== The input
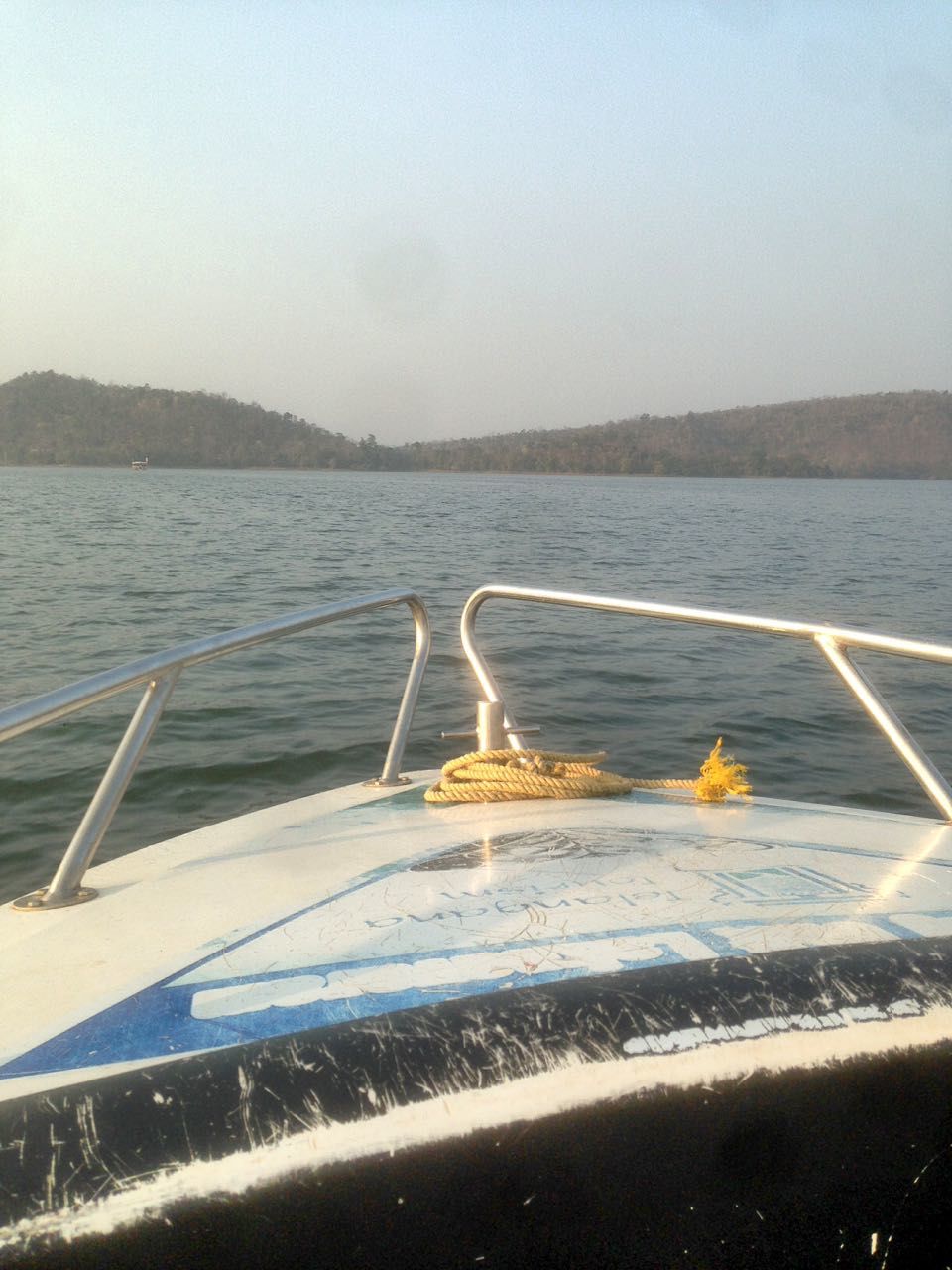 Photo of Laknavaram Forest, Kothagudem, Telangana, India by Mehul
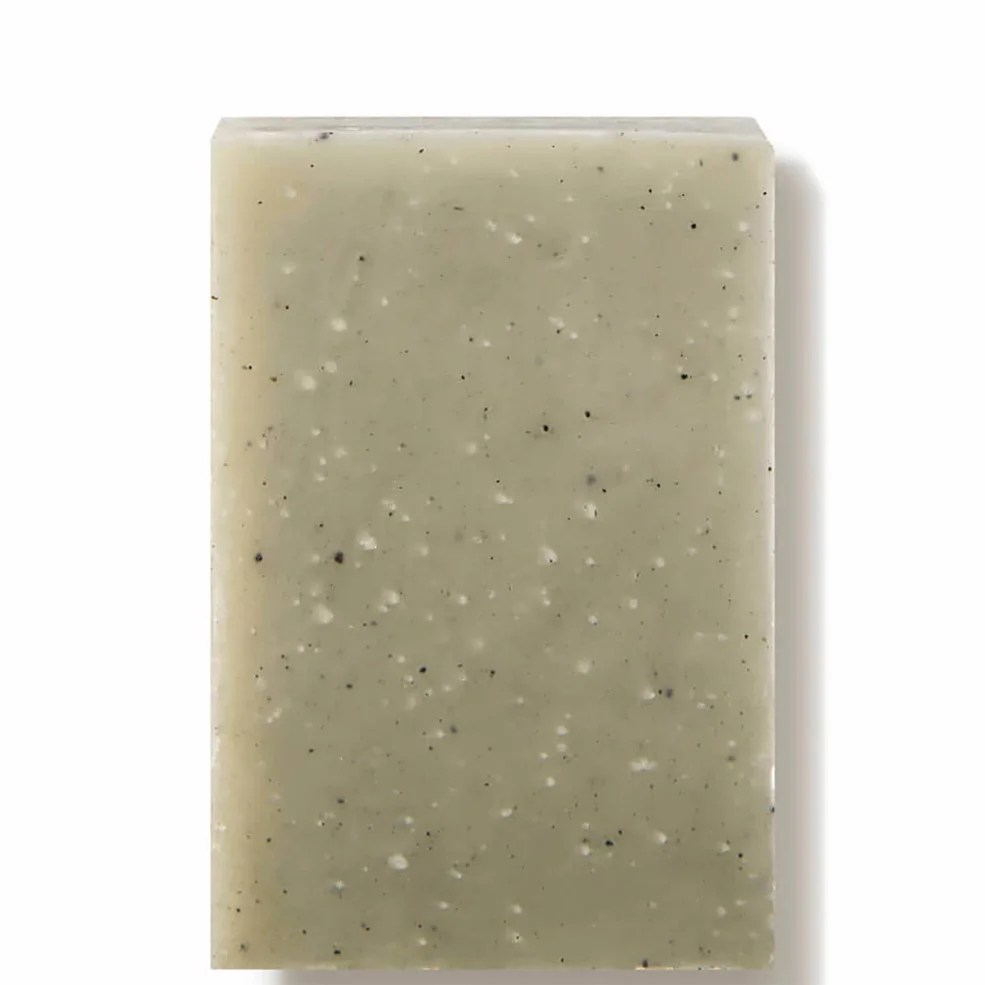 Herbivore Botanicals Blue Clay Cleansing Bar Soap (4 oz.) Image 1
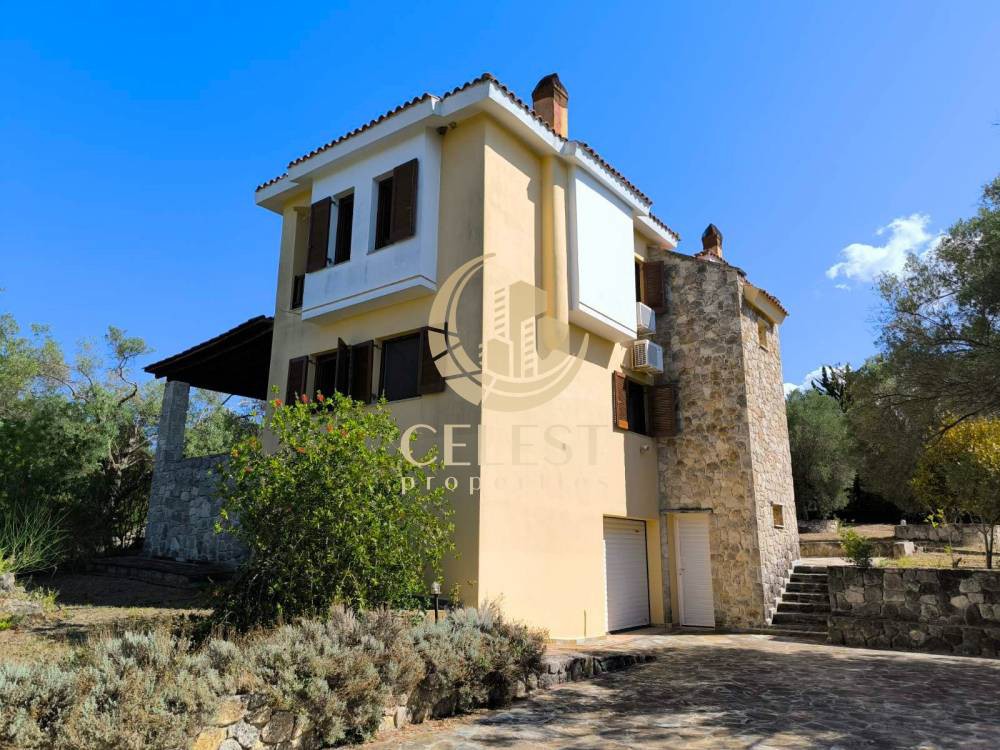 Βίλλα 204 τ.μ. πρός πώληση, Χαλκιδική, Κασσάνδρα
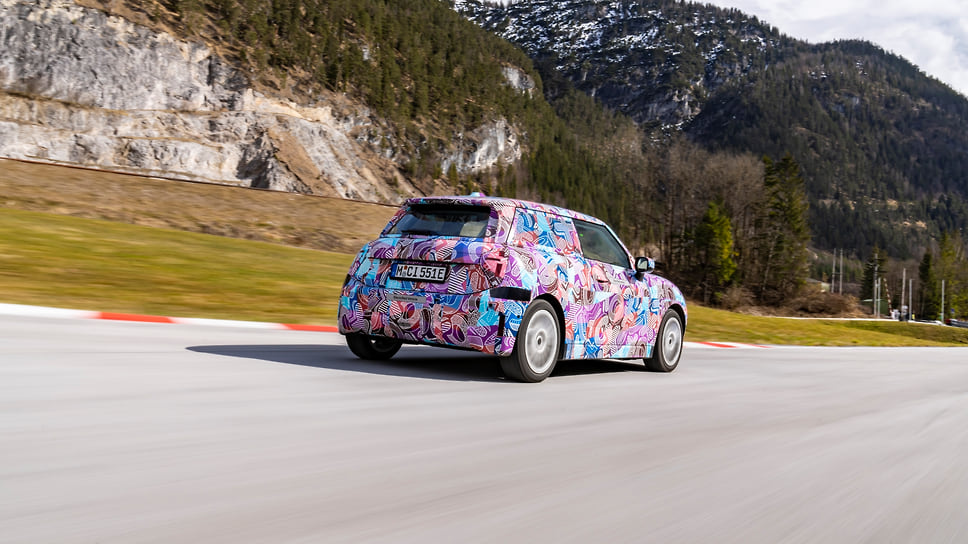 MINI Cooper Electric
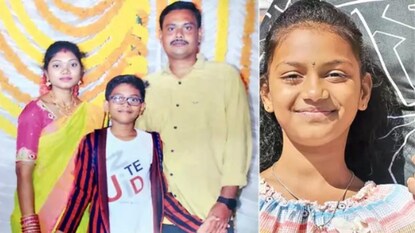 మోహన్ కుటుంబం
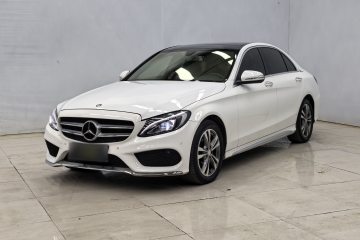 Used Mercedes-Benz C-Class 2015 Revised C 200 L Sport Edition
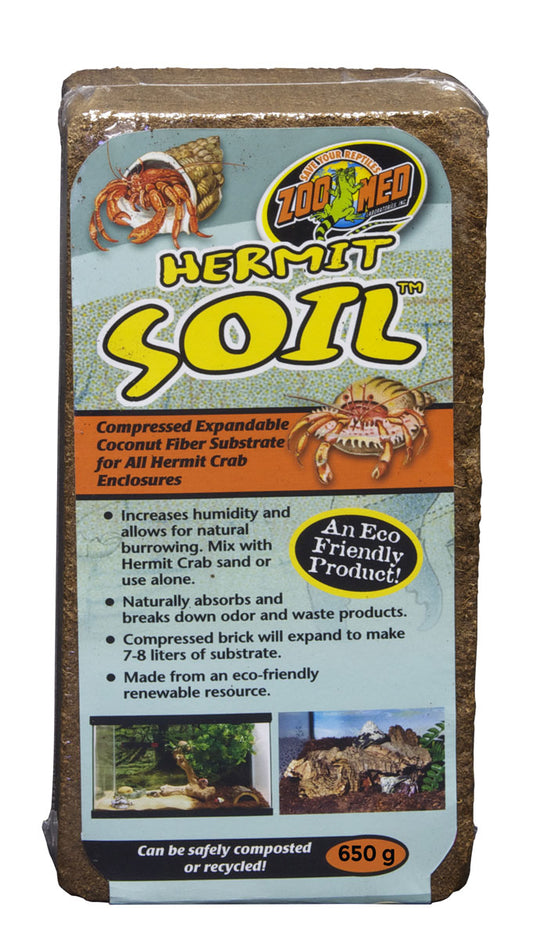 Zoo Med Hermit Soil™ Zoo-Med
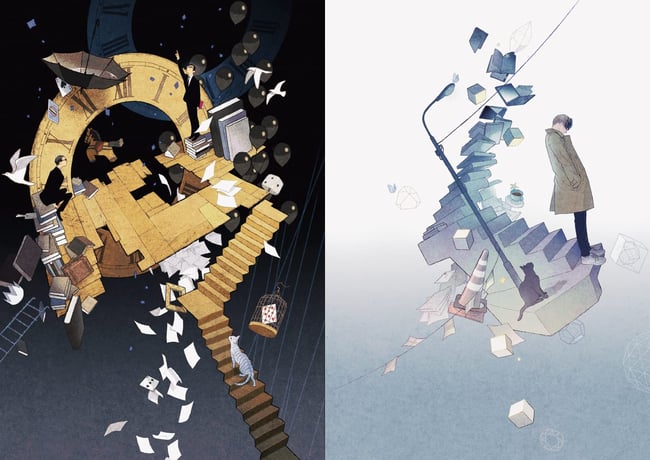 The Art of Yoko Tanji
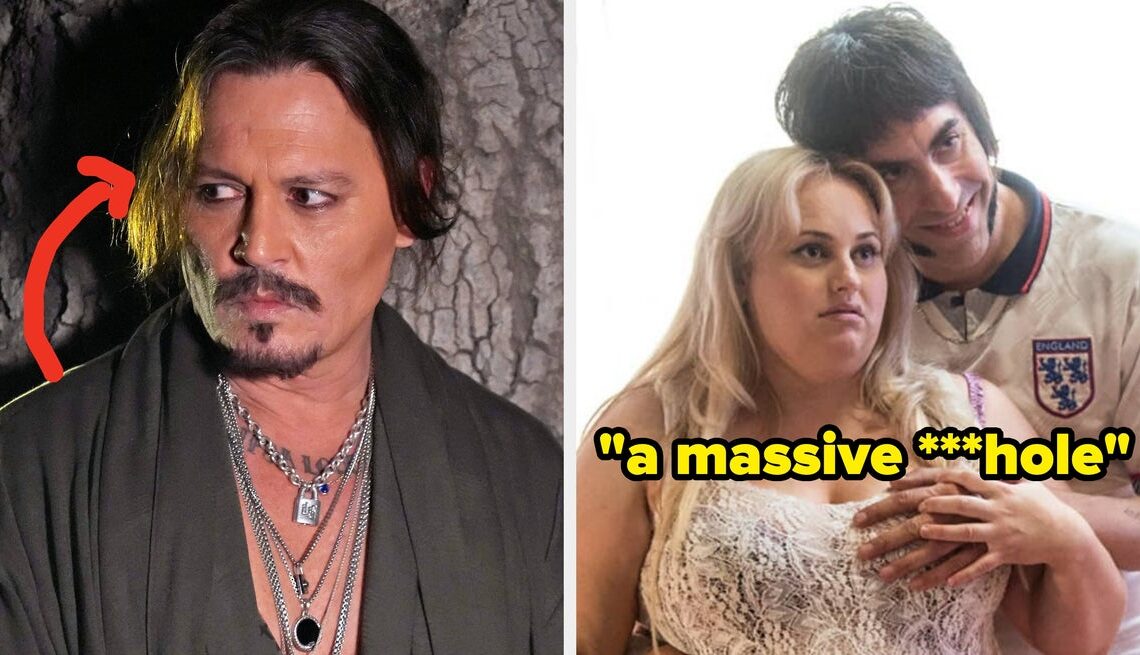 11 Problematic Celebrities Who Were So Bad, They Literally Got Called Out By Their Own Co-Stars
====
# Task to complete
Copy word for word every line from the one holding "The Art of Yoko Tanji" to the end of the listing, both ends included, but do not copy any pictures.

# Result of the exercise
 The Art of Yoko Tanji
 11 Problematic Celebrities Who Were So Bad, They Literally Got Called Out By Their Own Co-Stars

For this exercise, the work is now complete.